Tidak ada batasan untuk mendefenisiskan sastra yang tak terbatas, tapi ada yang lebih
penting untuk didiskusikan yakni dalam setiap karya sastra memiliki tanda yang penuh arti.
Setiap aspek tanda perlu diartikan atau dimaknai kembali oleh semua yang membuat karya itu
exist.
B. Rumusan Masalah
Beradasarkan dengan yang diuraiankan dalam latar belakang masalah yang muncul diatas
bahkan menarik untuk dikaji lebih dalam lagi. Maka penulis akan merumuskan hal-hal sebagai
berikut:
BAB II
KONSEP TEORI
A. Strukturalism
Strukturalisme adalah suatu metode analisis yang dikembangkan oleh banyak semiotisian
berbasis model lingusitik Saussure. Strukturalis bertujuan untuk mendeskripsikan keseluruhan
pengorganisasian sistem tanda sebagai bahasa seperti yang dilakukan Lévi-Strauss dan mitos,
keteraturan hubungan dan totemisme, Lacan dan alam bawah sadar; serta Barthes dan Greimas
dengan grammar pada narasi. Mereka melakukan suatu pencarian untuk suatu struktur yang
tersembunyi yang terletak di bawah permukaan yang tampak dari suatu fenomena.

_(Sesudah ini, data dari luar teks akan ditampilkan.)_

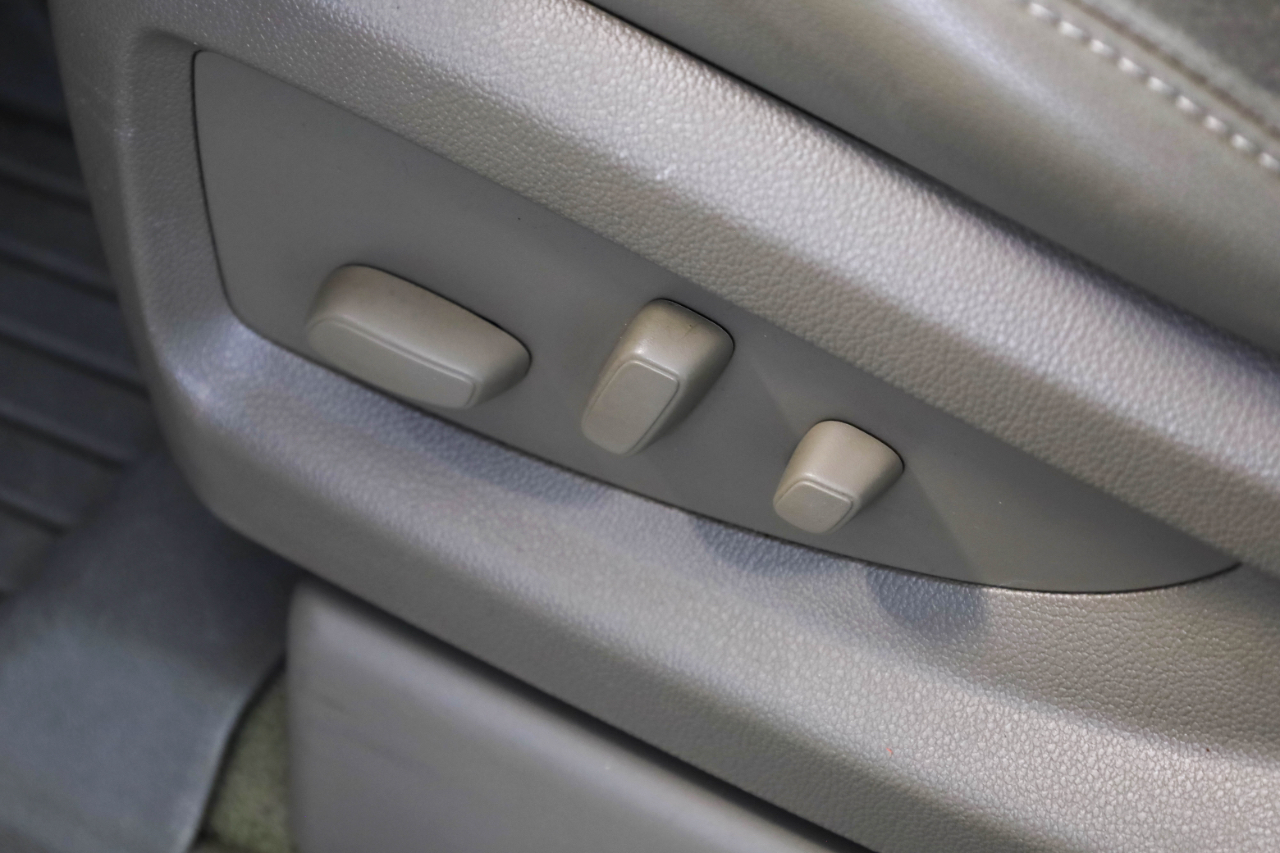 GMC Yukon XL 2WD 4dr SLT 2018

Social Semiotics kontemporer telah bergeser di bawah concern para strukturalis yang
menemukan relasi internal dari bagian-bagian di antara apa yang terkandung dalam suatu sistem.

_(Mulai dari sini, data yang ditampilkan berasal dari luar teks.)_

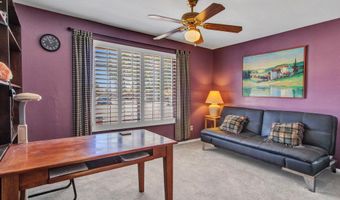 10501 W WILSHIRE Dr, Avondale, AZ 85392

Melakukan eksplorasi penggunaan tanda-tanda dalam situasi tertentu. Teori semiotik modern
suatu ketika disatukan dengan pendekatan Marxist yang diwarnai oleh aturan ideologi.
Di satu sisi tampaknya dalam mitos apa saja mungkin terjadi. Tak ada logika di sana, tak
ada kontinuitas. Karakteristik apapun bisa disematkan pada subjek apa saja ; setiap relasi yang
mungkin bisa saja ditemukan. Namun di sisi lain, kearbitreran penampakan ini dipungkiri oleh
keserupaan yang mengejutkan di antara mitos-mitos yang dikumpulkan dari berbagai wilayah
yang amat luas. Jika muatan dari mitos bersifat kontingen, bagaimana kita menjelaskan suatu
fakta bahwa mitos-mitos di seluruh dunia tampak serupa?

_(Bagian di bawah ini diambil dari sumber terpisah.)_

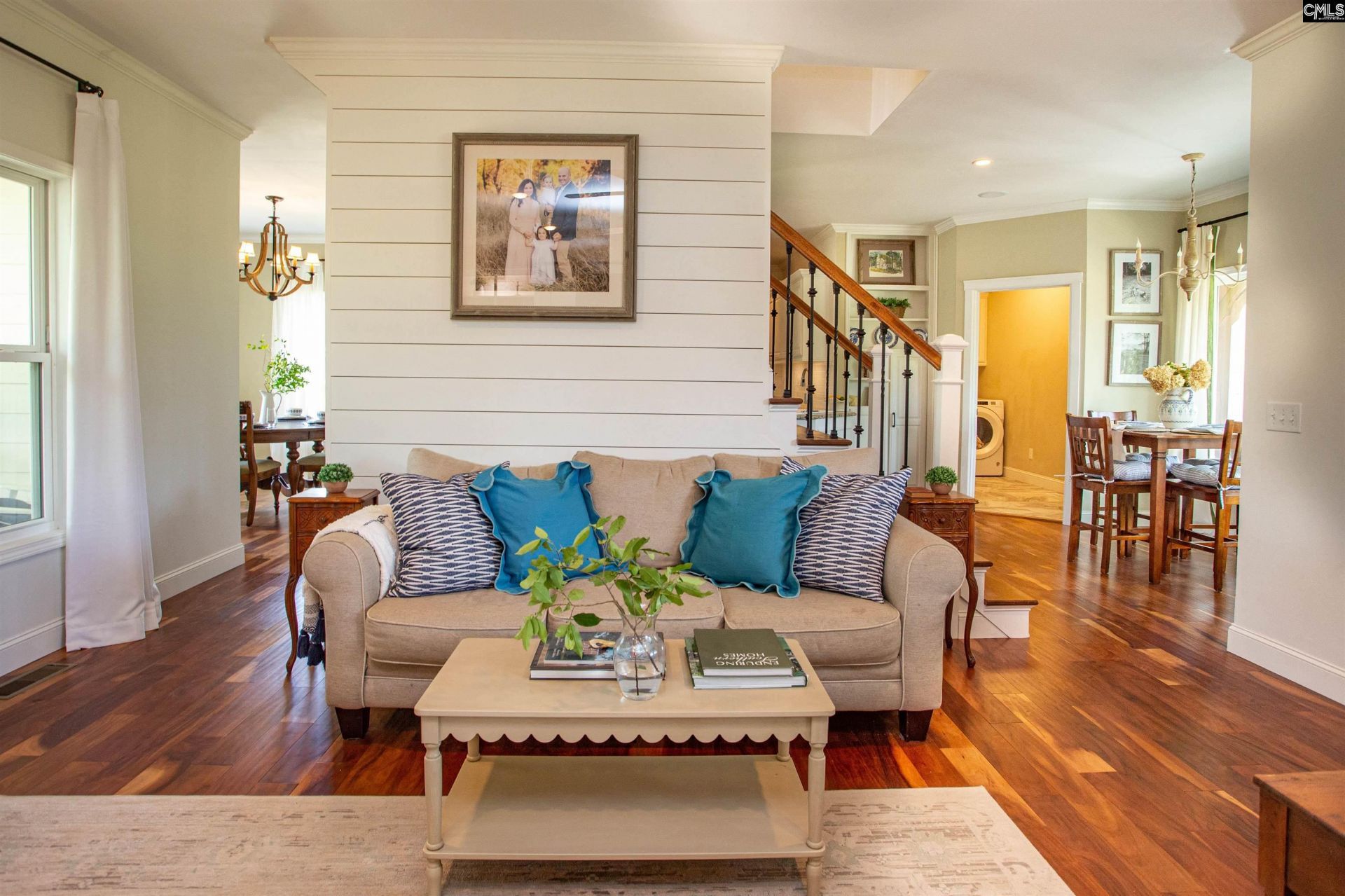 146 Williams Road  Photo 10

Mitos, menurut Levi-Strauss, memiliki hubungan nyata dengan bahasa itu sendiri karena
merupakan satu bentuk pengucapan manusia sehingga analisisnya bisa diperluas ke bidang
linguistik struktural. Namun tentu saja, analogi seperti ini tidaklah eksak dan mitos tidak bisa
dengan begitu saja disamakan dengan bahasa sehingga sekaligus pula harus ditunjukkan pula
perbedaannya melalui konsep Saussure mengenai langue dan parole, struktur dan kejadian
individual.
Versi-versi individual yang berbeda-beda dalam tiap mitos, yaitu aspek parole-nya,
diturunkan dari dan memberikan kontribusi pada struktur dasar langue-nya. Sebuah mitos, secara
individual, selalu dikisahkan dalam suatu waktu: ia menunjuk pada kejadian-kejadian yang
dipercaya begitu saja pernah terjadi di waktu lampau, namun pola spesifik atau strukturnya
dikatakan sebagai sesuatu yang kekal dan ahistoris: ia merangkum mode penjelasan tentang
kekinian dengan apa yang terjadi di masa lalu dan sekaligus masa depan.
B. Psychoanalysis
Konsep Freud yang paling mendasar adalah teorinya tentang ketidaksadaran. Pada
awalnya, Freud membagi taraf kesadaran manusia menjadi tiga lapis, yakni lapisan unconscious
(taksadar), lapisan preconscious (prasadar), dan lapisan conscious (sadar). Di antara tiga lapisan
itu, taksadar adalah bagian terbesar yang memengaruhi perilaku manusia. Freud
menganalogikannya dengan fenomena gunung es di lautan, di mana bagian paling atas yang
tampak di permukaan laut mewakili lapisan sadar. Prasadar adalah bagian yang turun-naik di
bawah dan di atas permukaan. Sedangkan bagian terbesar justru yang berada di bawah laut,
mewakili taksadar.
Superego muncul akibat persentuhan dengan manusia lain (aspek sosial). Dalam
keluarga, superego ditanamkan oleh orang tua dalam bentuk ajaran moral mengenai baik dan
buruk, pantas dan tidak pantas, dsb. Superego muncul sebagai kontrol terhadap id, terutama jika
keinginan id itu tidak sesuai dengan moralitas masyarakat. Superego selalu menginginkan
kesempurnaan karena ia bekerja dengan prinsip idealitas.